I watched Oppenheimer last night, not for the first time. And not for the first time, this exchange stood out:
Niels Bohr: Algebra's like sheet music, the important thing isn't can you read music, it's can you hear it. Can you hear the music, Robert?
J. Robert Oppenheimer: Yes, I can.
Why does this exchange resonate? That is because Bohr could just as easily have been asking almost any neoclassical or neoliberal economist alive today that question, and the honest answer most could give would be: "No, I cannot."
There is a good reason for that. Bohr was not asking whether Oppenheimer could do the mathematics inherent in physics. That was a given. He was asking something far more demanding, which was whether Oppenheimer understood what the mathematics meant.

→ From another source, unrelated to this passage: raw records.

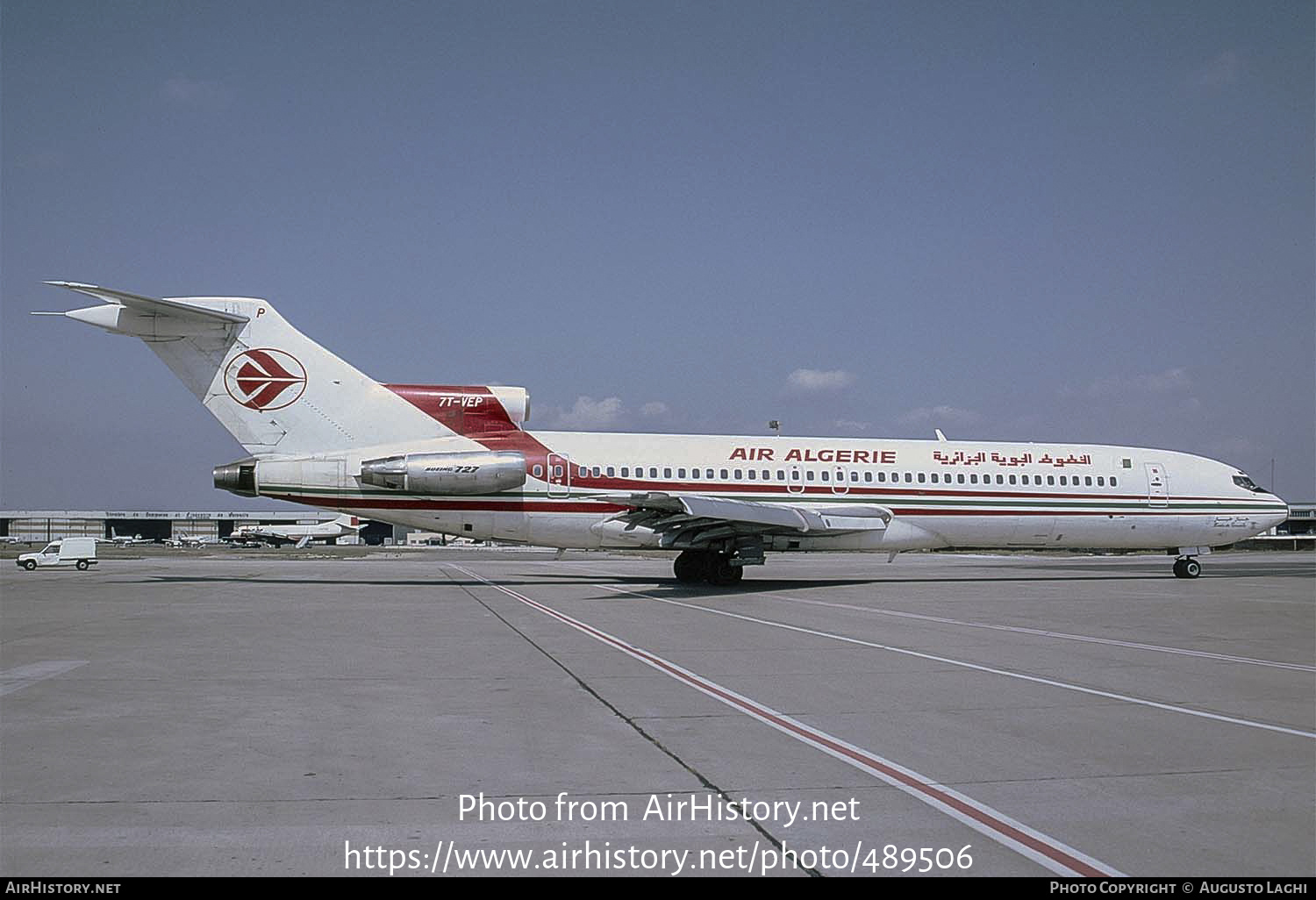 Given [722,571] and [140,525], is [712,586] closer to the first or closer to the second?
[722,571]

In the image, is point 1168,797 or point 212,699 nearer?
point 1168,797

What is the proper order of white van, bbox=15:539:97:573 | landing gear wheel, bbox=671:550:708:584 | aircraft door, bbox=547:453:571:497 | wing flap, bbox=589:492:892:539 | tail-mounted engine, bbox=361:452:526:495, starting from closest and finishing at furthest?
wing flap, bbox=589:492:892:539, tail-mounted engine, bbox=361:452:526:495, aircraft door, bbox=547:453:571:497, landing gear wheel, bbox=671:550:708:584, white van, bbox=15:539:97:573

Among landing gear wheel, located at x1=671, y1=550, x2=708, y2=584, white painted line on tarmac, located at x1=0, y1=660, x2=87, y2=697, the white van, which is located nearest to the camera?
white painted line on tarmac, located at x1=0, y1=660, x2=87, y2=697

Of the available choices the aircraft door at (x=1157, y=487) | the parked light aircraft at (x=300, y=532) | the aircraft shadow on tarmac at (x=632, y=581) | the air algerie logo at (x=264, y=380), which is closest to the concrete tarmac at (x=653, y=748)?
the air algerie logo at (x=264, y=380)

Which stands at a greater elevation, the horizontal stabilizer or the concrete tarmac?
the horizontal stabilizer

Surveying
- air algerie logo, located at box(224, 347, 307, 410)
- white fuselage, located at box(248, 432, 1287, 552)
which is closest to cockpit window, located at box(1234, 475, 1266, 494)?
white fuselage, located at box(248, 432, 1287, 552)

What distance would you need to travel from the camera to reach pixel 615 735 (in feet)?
21.8

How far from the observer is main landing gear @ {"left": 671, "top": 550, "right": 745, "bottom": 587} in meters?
22.4

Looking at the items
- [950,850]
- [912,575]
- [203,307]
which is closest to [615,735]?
[950,850]

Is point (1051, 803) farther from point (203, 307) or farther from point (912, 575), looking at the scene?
point (912, 575)

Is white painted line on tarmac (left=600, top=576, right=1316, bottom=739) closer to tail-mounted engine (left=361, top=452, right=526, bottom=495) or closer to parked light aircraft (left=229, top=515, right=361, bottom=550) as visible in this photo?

Could he connect the symbols used to reality?
Could he hear the implications behind the equations?
Could he grasp the consequences of what he was helping to create?
Bohr was, in other words, probing the difference between technical proficiency and understanding. And that distinction matters far more than modern economics is prepared to admit.
That is because physics and economics have, on occasion. shared a dangerous tendency to mistake formal skill with mathematics for insight. In both disciplines, practitioners can become absorbed in calculation, optimisation, and internal consistency, whilst models become admired for their elegance rather than questioned for their relevance. Mathematical fluency becomes a badge of authority. Worse, there is the risk that reality is expected to conform to the model, and not the other way round.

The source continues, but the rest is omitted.